The fact that the battle is taking place behind the scenes and away from the news cameras doesn’t mean that it won’t have a serious impact on the geopolitical situation:
After three hours of eloquent and emotional answers in his final news conference at the National People’s Congress annual meeting this month, Wen uttered his public political masterstroke, reopening debate on one of the most tumultuous events in the Chinese Communist Party’s history and hammering the final nail in the coffin of his great rival, the now-deposed Chongqing Communist Party boss Bo Xilai. And in striking down Bo, Wen got his revenge on a family that had opposed him and his mentor countless times in the past.
Responding to a gently phrased question about Chongqing, Wen foreshadowed Bo’s political execution, a seismic leadership rupture announced the following day that continues to convulse China’s political landscape to an extent not seen since 1989. But the addendum that followed might be even more significant. Indirectly, but unmistakably, Wen defined Bo as man who wanted to repudiate China’s decades-long effort to reform its economy, open to the world, and allow its citizens to experience modernity. He framed the struggle over Bo’s legacy as a choice between urgent political reforms and “such historical tragedies as the Cultural Revolution,” culminating a 30-year battle for two radically different versions of China, of which Bo Xilai and Wen Jiabao are the ideological heirs. In Wen’s world, bringing down Bo is the first step in a battle between China’s Maoist past and a more democratic future as personified by his beloved mentor, 1980s Communist Party chief Hu Yaobang. His words blew open the facade of party unity that had held since the massacres of Tiananmen Square.
This October, the Communist Party will likely execute a once-in-a-decade leadership transition in which President Hu Jintao and Premier Wen hand over to a new team led by current Vice President Xi Jinping. The majority of leaders will retire from the elite Politburo Standing Committee, and the turnover will extend down through lower tiers of the Communist Party, the government, and the military. Wen hopes his words influence who gets key posts, what ideological course they will set, and how history records his own career.

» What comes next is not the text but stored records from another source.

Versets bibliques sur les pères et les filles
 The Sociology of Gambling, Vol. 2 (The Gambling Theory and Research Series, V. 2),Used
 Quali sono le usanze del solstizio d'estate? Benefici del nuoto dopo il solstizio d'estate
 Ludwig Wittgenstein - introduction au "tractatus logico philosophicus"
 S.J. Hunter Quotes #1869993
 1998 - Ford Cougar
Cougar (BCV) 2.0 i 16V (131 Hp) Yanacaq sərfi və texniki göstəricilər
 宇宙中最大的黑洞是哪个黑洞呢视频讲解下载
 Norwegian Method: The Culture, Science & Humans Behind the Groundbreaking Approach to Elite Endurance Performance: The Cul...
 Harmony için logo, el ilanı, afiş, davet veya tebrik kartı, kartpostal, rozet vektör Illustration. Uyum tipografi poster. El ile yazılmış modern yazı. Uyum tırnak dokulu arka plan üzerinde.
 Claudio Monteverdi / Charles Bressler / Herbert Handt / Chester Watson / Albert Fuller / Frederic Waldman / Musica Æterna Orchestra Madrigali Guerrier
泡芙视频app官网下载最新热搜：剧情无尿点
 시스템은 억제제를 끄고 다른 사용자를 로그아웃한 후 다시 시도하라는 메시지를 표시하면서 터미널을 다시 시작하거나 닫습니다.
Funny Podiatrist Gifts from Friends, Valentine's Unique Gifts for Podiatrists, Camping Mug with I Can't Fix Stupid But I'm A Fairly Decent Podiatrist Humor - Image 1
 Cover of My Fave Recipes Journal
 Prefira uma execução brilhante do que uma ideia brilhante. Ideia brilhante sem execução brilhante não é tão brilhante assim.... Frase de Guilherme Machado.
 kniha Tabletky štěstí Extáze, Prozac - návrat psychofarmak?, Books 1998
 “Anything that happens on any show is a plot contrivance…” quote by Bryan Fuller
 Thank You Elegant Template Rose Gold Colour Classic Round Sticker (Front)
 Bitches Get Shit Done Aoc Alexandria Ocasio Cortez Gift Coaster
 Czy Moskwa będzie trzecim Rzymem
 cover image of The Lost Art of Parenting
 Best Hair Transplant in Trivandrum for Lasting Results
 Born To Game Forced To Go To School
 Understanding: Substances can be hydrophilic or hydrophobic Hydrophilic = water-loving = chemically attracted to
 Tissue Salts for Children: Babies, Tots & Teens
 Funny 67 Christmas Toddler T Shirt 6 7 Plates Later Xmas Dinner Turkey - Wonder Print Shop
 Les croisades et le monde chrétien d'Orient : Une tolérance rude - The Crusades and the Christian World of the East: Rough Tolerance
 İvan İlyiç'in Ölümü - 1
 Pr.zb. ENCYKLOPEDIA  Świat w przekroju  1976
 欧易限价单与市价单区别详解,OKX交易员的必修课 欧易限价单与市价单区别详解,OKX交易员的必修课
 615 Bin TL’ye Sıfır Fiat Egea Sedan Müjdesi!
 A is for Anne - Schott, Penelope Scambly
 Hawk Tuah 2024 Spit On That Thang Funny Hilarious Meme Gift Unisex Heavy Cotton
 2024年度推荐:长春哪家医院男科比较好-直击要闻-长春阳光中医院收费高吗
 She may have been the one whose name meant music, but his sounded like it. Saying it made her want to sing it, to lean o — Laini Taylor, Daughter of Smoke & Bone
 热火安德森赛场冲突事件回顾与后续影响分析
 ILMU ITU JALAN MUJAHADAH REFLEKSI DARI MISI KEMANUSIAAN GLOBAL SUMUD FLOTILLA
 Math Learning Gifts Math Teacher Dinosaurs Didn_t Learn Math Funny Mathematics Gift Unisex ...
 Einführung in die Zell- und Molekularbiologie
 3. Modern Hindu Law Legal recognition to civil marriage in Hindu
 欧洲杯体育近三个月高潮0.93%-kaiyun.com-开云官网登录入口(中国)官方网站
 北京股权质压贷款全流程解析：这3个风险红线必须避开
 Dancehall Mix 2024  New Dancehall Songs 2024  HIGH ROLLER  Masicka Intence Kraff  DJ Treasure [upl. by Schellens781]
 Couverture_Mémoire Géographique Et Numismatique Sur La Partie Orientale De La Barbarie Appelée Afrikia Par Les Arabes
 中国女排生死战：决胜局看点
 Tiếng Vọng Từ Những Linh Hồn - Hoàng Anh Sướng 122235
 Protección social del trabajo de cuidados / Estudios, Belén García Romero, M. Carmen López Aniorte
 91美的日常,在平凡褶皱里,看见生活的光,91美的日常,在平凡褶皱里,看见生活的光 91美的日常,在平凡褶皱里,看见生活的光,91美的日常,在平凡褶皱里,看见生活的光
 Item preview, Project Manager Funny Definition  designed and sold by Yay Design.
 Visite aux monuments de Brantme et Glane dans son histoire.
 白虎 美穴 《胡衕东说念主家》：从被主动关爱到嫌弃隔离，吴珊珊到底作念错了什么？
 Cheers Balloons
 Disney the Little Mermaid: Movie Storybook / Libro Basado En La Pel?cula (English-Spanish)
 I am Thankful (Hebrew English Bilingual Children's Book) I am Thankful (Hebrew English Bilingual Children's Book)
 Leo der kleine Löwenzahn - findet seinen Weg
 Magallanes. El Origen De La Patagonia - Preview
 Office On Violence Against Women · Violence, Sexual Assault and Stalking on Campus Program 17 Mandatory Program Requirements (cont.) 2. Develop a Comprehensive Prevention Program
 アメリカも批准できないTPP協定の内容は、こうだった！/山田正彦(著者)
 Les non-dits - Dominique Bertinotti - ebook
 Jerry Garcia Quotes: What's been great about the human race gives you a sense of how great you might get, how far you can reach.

The vicissitudes of civil war amongst the Chinese nomenklatura aside, I thought this was a particularly illuminating, if ironic, comment. “Hu taught his children to resist the idea, wired into the Communist Party psyche, that they had any particular hereditary right to high office.”
And thus we see the Ciceronian political cycle at work, as democracy, aristocracy, and tyranny all represent temporary phases rather than stases.